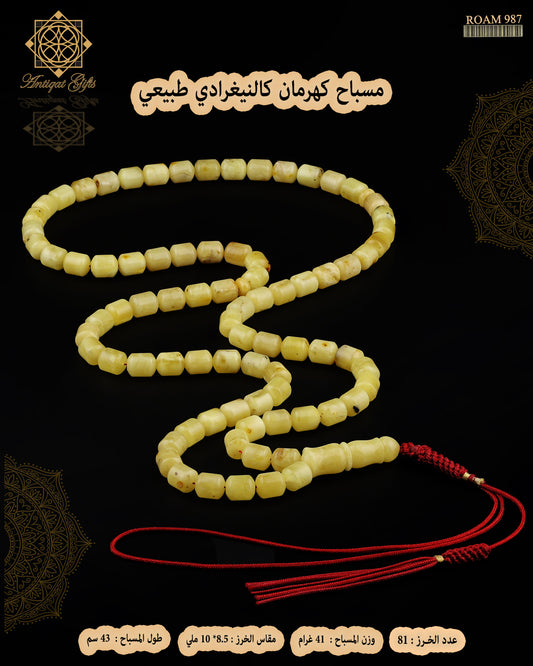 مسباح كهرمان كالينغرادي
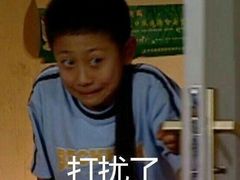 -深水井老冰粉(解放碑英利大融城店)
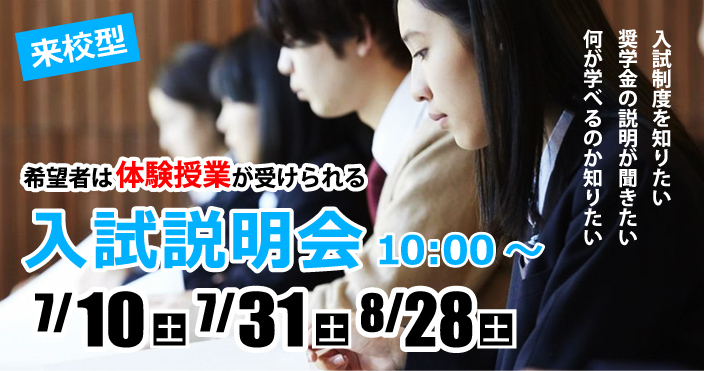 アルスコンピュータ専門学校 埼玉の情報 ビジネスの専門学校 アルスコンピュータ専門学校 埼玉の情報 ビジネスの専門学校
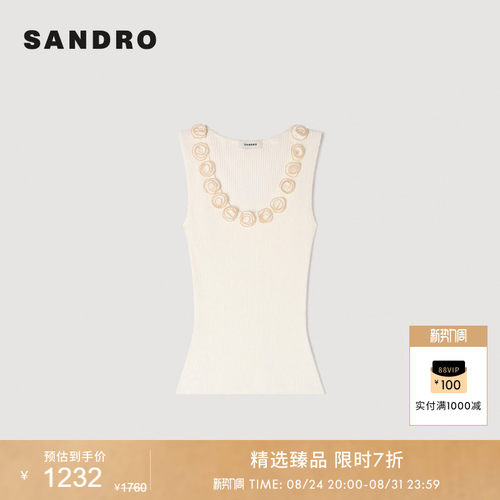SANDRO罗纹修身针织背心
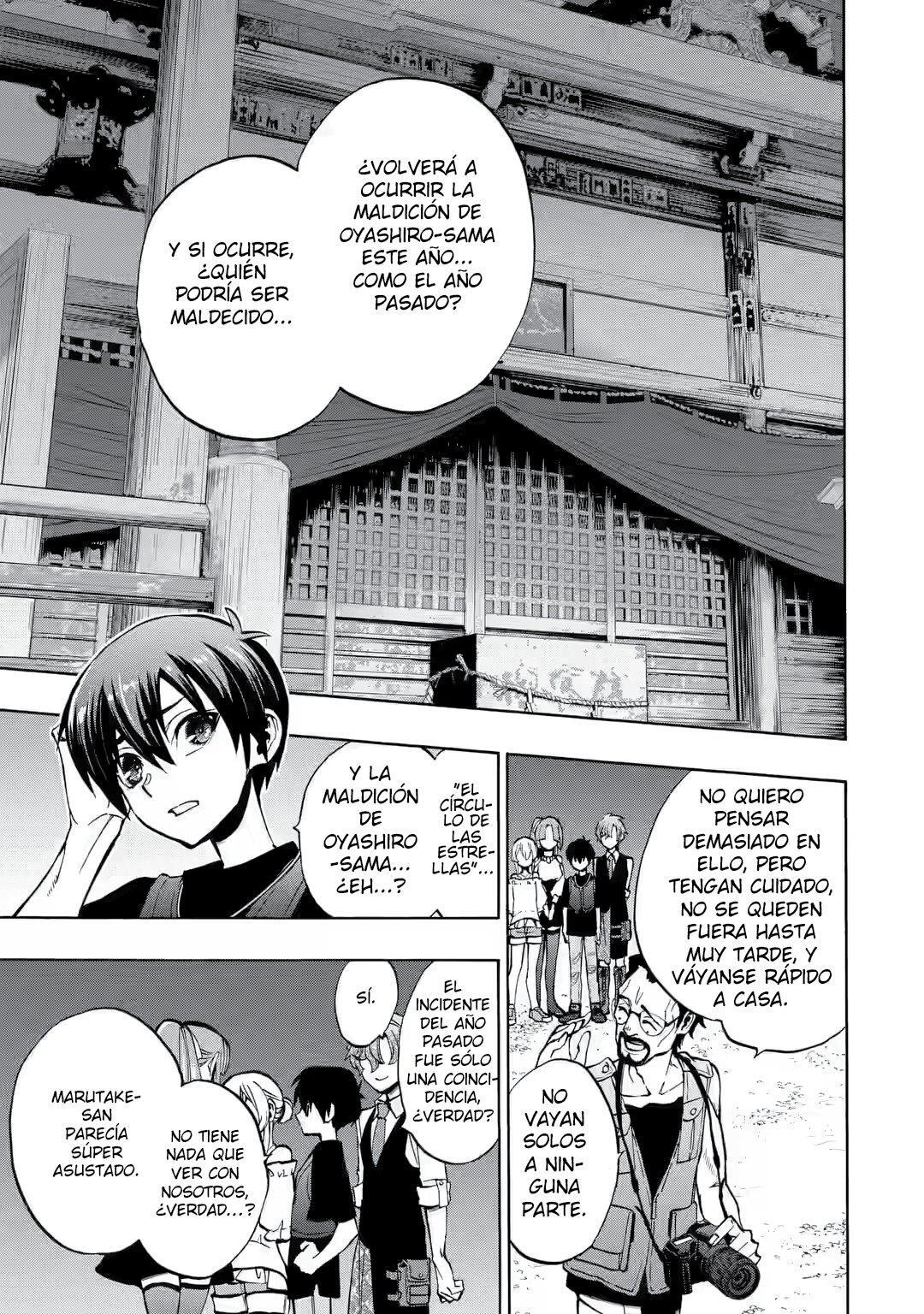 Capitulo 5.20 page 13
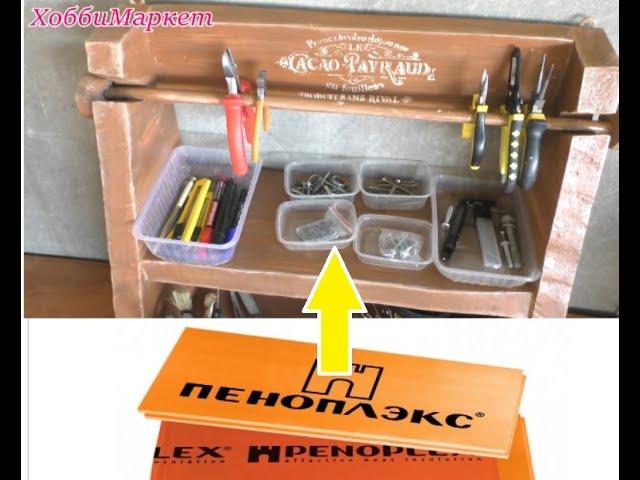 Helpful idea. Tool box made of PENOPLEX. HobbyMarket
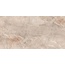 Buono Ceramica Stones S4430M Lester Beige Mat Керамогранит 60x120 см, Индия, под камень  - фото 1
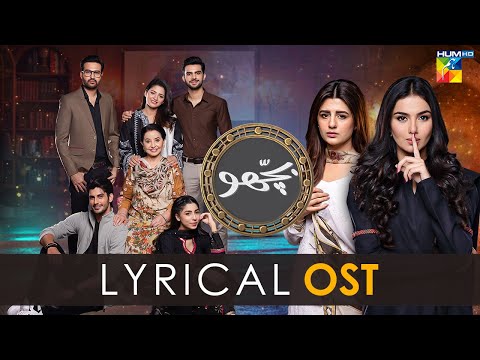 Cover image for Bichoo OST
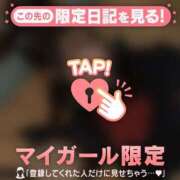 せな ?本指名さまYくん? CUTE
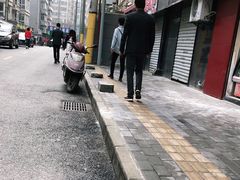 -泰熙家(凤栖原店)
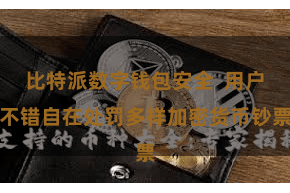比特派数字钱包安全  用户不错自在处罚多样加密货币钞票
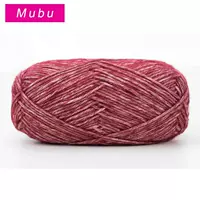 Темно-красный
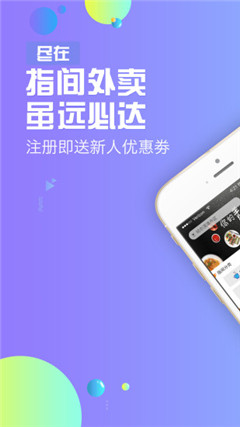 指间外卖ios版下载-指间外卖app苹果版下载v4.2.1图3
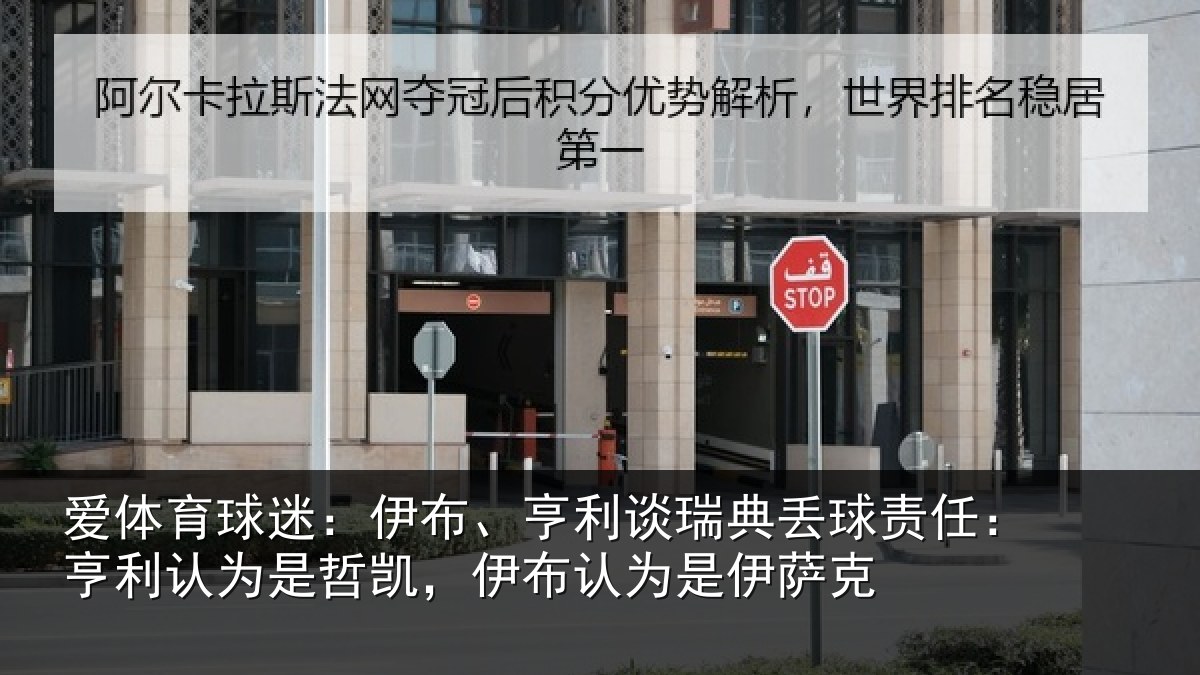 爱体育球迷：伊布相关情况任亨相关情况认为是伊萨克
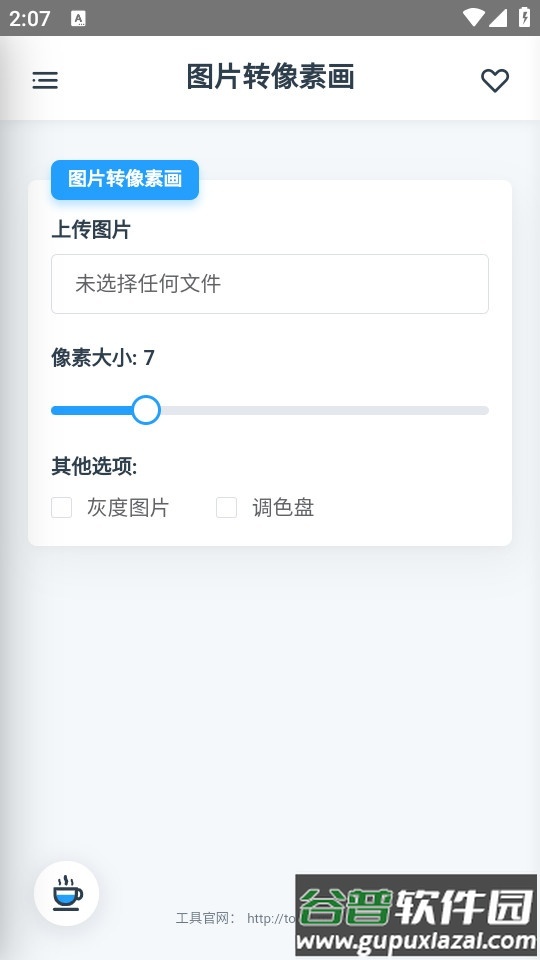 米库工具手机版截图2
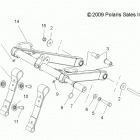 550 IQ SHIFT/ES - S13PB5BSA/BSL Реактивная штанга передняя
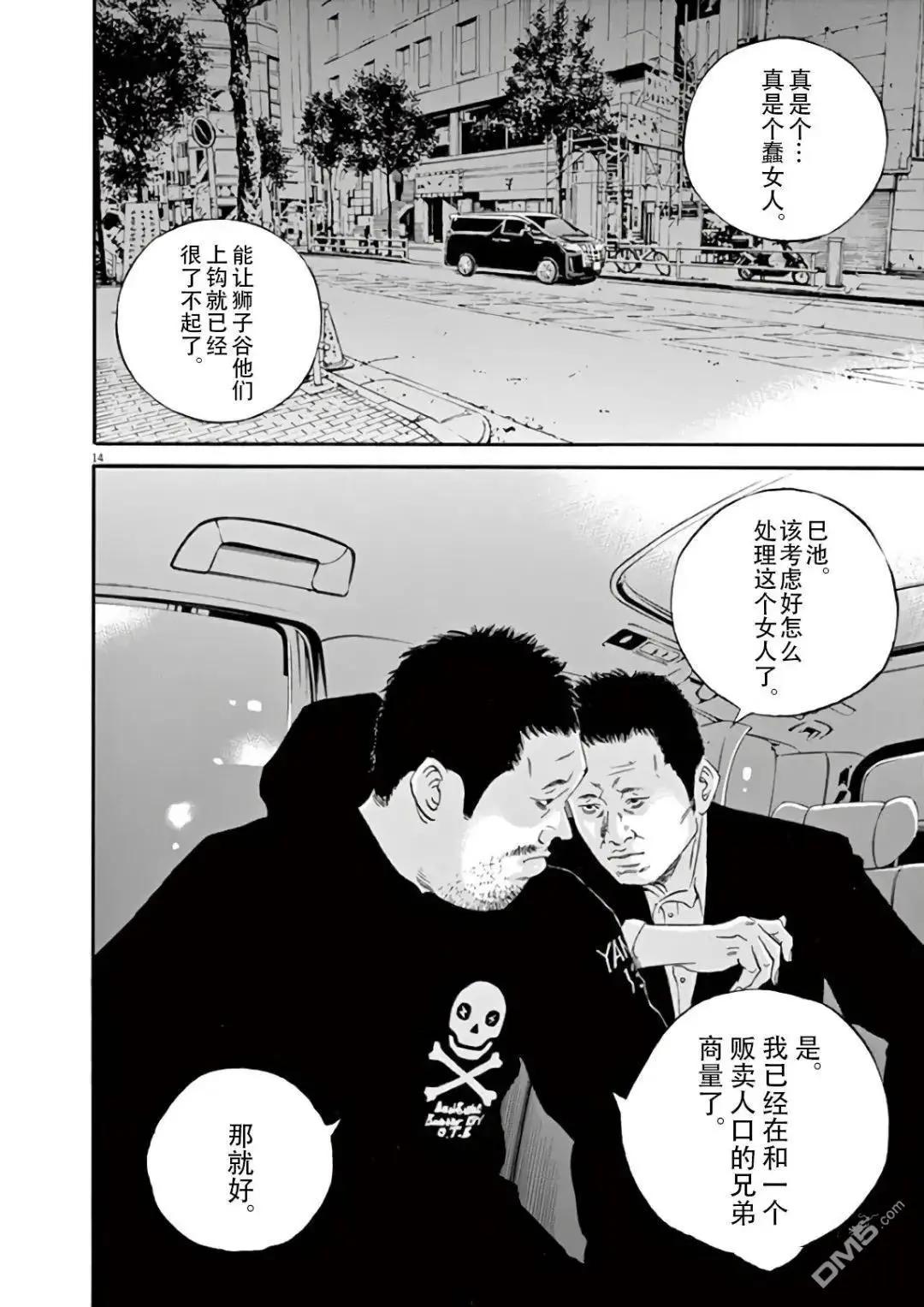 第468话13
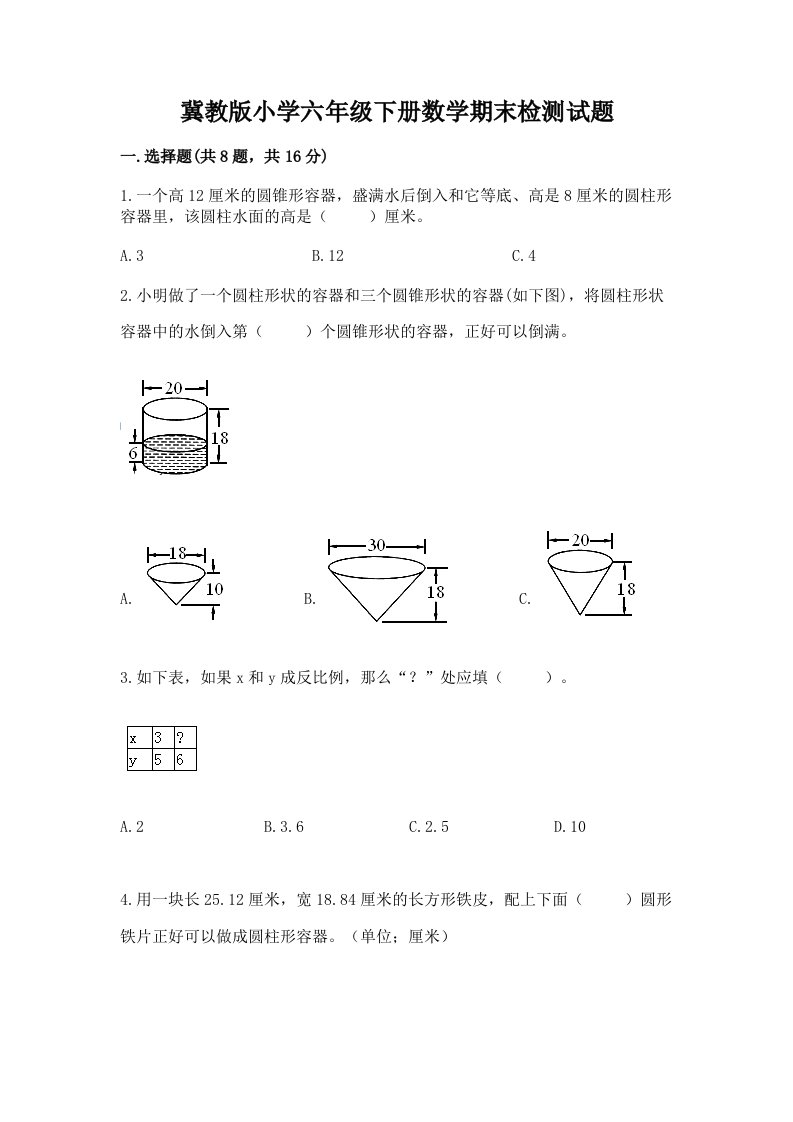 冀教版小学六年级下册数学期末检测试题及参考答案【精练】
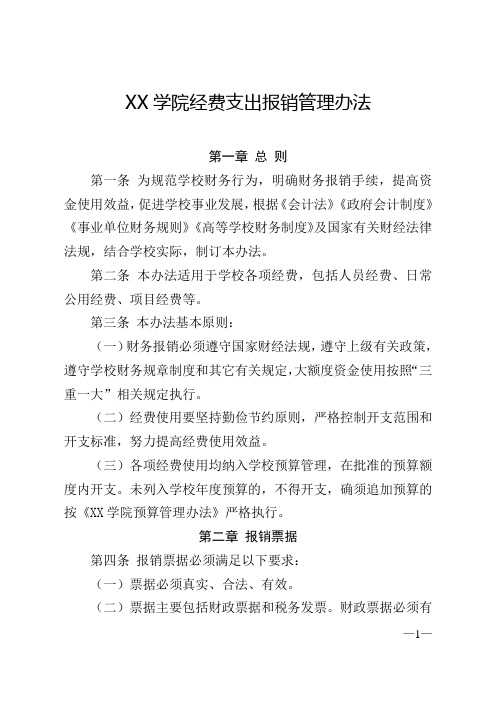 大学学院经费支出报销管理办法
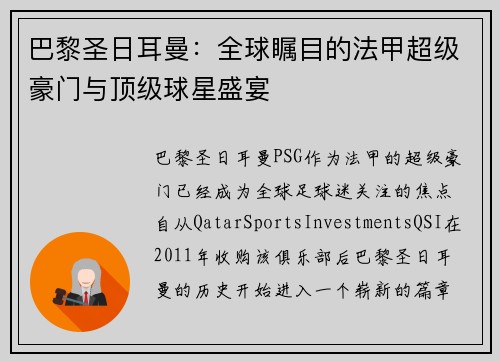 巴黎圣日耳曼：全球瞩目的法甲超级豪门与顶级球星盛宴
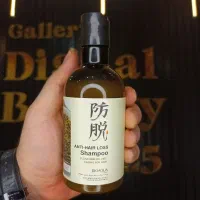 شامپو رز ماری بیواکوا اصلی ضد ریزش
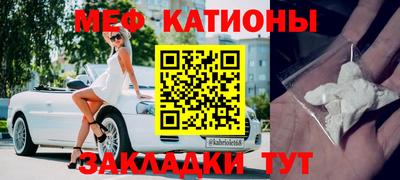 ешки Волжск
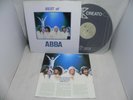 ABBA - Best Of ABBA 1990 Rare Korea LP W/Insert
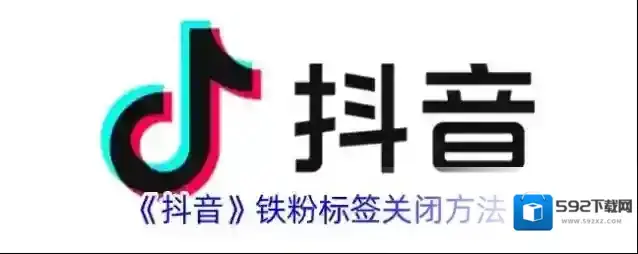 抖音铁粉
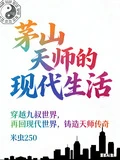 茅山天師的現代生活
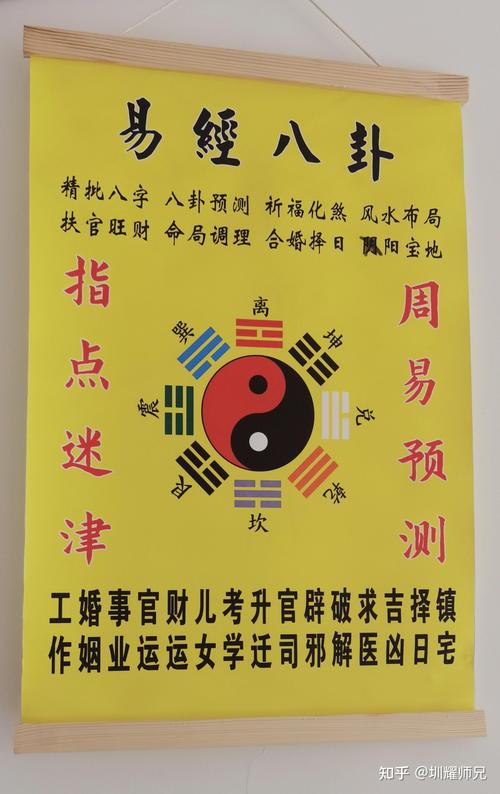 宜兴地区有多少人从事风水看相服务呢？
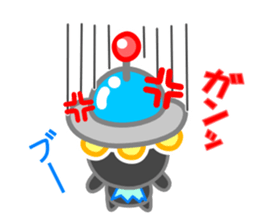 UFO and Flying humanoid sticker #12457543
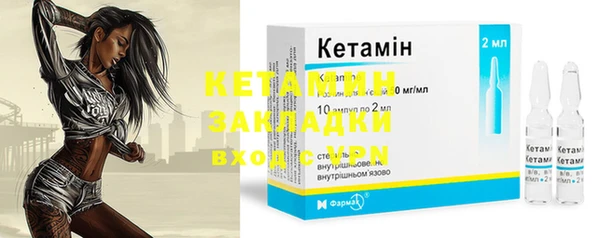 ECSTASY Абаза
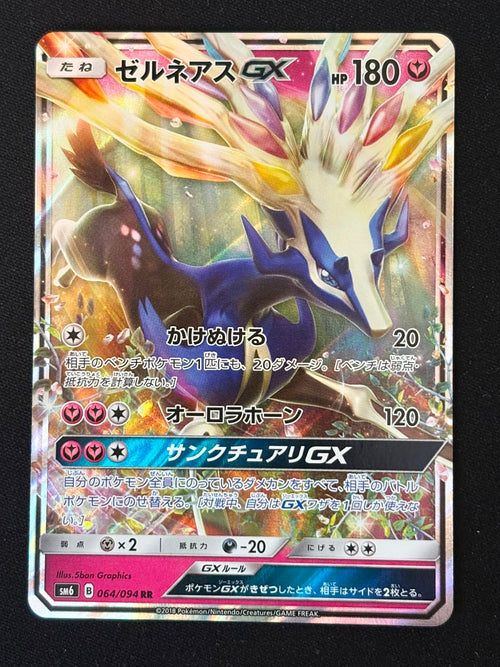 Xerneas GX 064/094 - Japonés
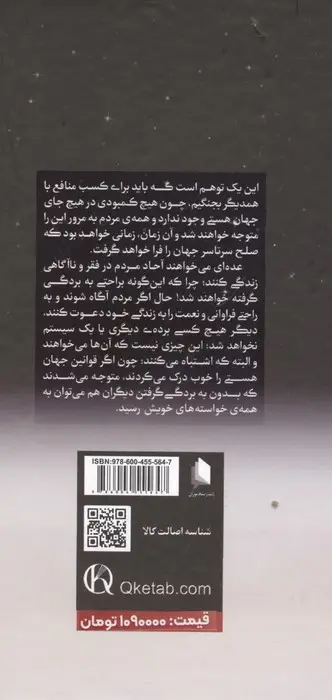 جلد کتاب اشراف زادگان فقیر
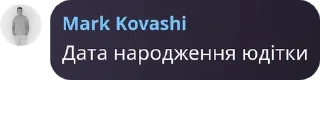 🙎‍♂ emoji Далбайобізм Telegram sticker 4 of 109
· · ·
### Exercise brief
Copy nothing but the lines from the first one in the listing through the line with "巴黎圣日耳曼：全球瞩目的法甲超级豪门与顶级球星盛宴", and omit the pictures.

### Solution to this problem
 مسباح كهرمان كالينغرادي
 -深水井老冰粉(解放碑英利大融城店)
 アルスコンピュータ専門学校 埼玉の情報 ビジネスの専門学校 アルスコンピュータ専門学校 埼玉の情報 ビジネスの専門学校
SANDRO罗纹修身针织背心
 Capitulo 5.20 page 13
 Helpful idea. Tool box made of PENOPLEX. HobbyMarket
 Buono Ceramica Stones S4430M Lester Beige Mat Керамогранит 60x120 см, Индия, под камень  - фото 1
 Cover image for Bichoo OST
 せな ?本指名さまYくん? CUTE
 -泰熙家(凤栖原店)
比特派数字钱包安全  用户不错自在处罚多样加密货币钞票
 Темно-красный
 指间外卖ios版下载-指间外卖app苹果版下载v4.2.1图3
 爱体育球迷：伊布相关情况任亨相关情况认为是伊萨克
 米库工具手机版截图2
 550 IQ SHIFT/ES - S13PB5BSA/BSL Реактивная штанга передняя
 第468话13
 冀教版小学六年级下册数学期末检测试题及参考答案【精练】
 大学学院经费支出报销管理办法
 巴黎圣日耳曼：全球瞩目的法甲超级豪门与顶级球星盛宴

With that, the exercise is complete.